While a few years ago many players regarded digital as an additional area to be discussed separately from companies’ main retail businesses, it is increasingly being seen as a core part of businesses in this space, garnering less specific discussion and less need to make the case for it to investors.
Crypto has been a focus – but only for a few
Meanwhile, while Bitcoin may be having a return to the spotlight, the use of crypto by money transfer players remains muted, with the majority having no active projects that they have spoken publicly about.
However, among those that do, 2023 has been a year for additions. While Chipper Cash has retained a business-as-usual approach for its crypto purchasing products, MoneyGram has extended its existing crypto offering.
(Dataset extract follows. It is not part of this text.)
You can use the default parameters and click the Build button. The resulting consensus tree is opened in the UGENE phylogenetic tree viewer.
Previously, the company made it possible for customers to purchase stablecoins from its branches and so serve as an on-ramp between physical fiat cash and the crypto world. However, this year the company announced the launch of a non-custodial wallet, which will increase its role as a fiat-crypto interoperability player. Set for launch in early 2024, it extends the company’s existing partnership with blockchain infrastructure player Stellar, which currently enables MoneyGram to offer USDC remittances, and will also enable unbanked customers to access crypto.
Beyond this, blockchain-related projects in the space have been relatively quiet, save for a partnership between Western Union and the Digital Dollar Project, which focused on a pilot CBDC for cross-border remittances. While it is unlikely that this will translate into an active product any time soon, it does indicate that Western Union is exploring the technology.
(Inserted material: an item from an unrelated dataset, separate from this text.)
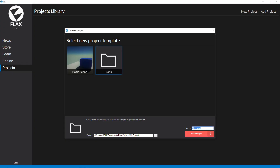Hello and welcome to Mesmeric Development. Today we're going to be taking a look at the Flax engine and doing a little bit of an editor overview. We're not going to be actually doing anything with it today — just showing you how to use it, and then we can get into some more advanced tutorials in a little bit.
Funding and layoffs speak to a tougher environment
Across all areas of cross-border payments and beyond, 2023 has provided a tougher economic environment than previous years, with both a reduction in venture capital as well as the shocks following Silicon Valley Bank’s closure. While money transfers as a whole has not been significantly adversely affected, there have been some knock-on challenges for some players.
One such area is in layoffs. In general, money transfers avoided the worst of the layoffs that hit many parts of the tech industry, however there have been some companies who had to make redundancies this year.
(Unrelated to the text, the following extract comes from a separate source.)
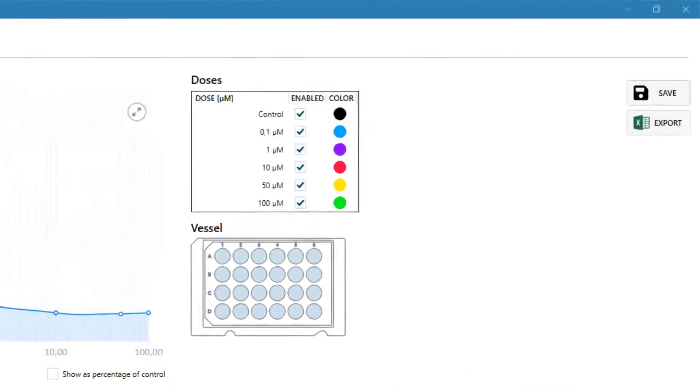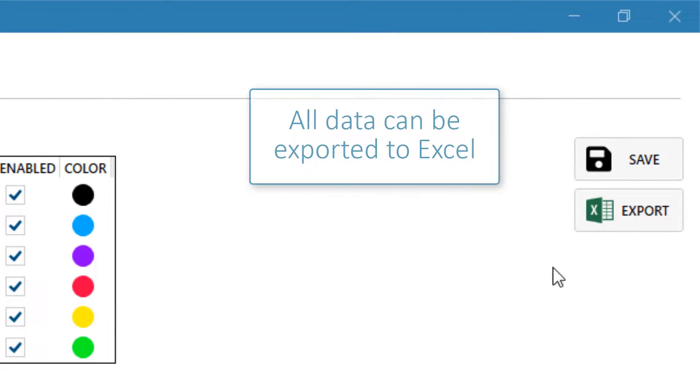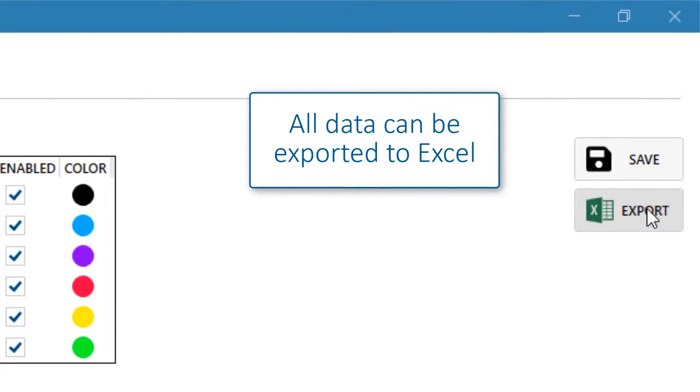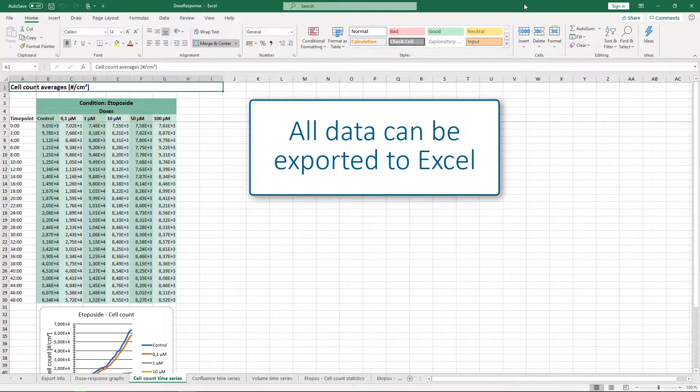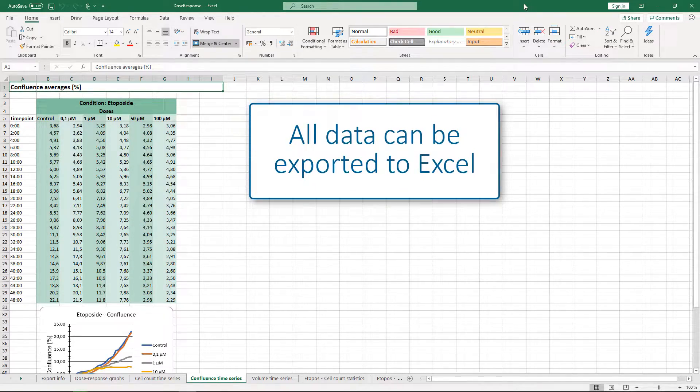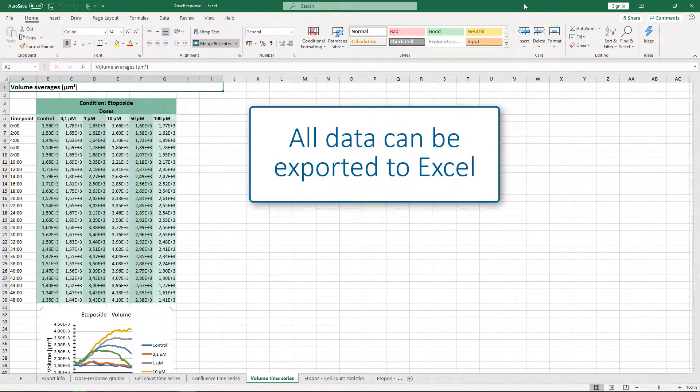Of course, you can export all underlying data to Excel if you want to do your own analysis and graphs.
Zepz, the parent company of Sendwave and WorldRemit, announced two separate rounds of layoffs that eliminated around 450 jobs – estimated to be slightly under a third of the company. However, much of this has been attributed to removing duplicates between WorldRemit and Sendwave as synergies between the two companies are increased.
A more direct casualty of the tougher economic climate, however, has been Chipper Cash. Prior to the downturn, the company was pursuing a sharp growth curve supported by significant spending, having doubled its workforce between 2021 and 2022. However, the company counted FTX and Silicon Valley Bank among its biggest investors, and is likely to have intended further raises that became untenable in the current economic climate.
As a result, it has focused on cost-cutting this year, with three rounds of layoffs that followed a significant initial round late last year where 40% of the workforce was made redundant. In 2023 alone, the company is reported to have laid off more than a third of its remaining workforce, with exact numbers thought to be around 165.
Despite the economic climate, there have been some positive developments, with a small number of remittance and money transfers players closing significant funding rounds this year. Africa-focused LemFi, which appeared on our market map of the 30 Most Promising Cross-Border Payment Companies, raised $33m in Series A funding earlier this year.
Meanwhile, Paysend closed a $65m funding round that included investment from Mastercard, following an established partnership between the two companies.
2023 has been a year of significant headwinds, however the money transfers space has responded with strength and resilience. We’ll be watching closely to see what 2024 brings.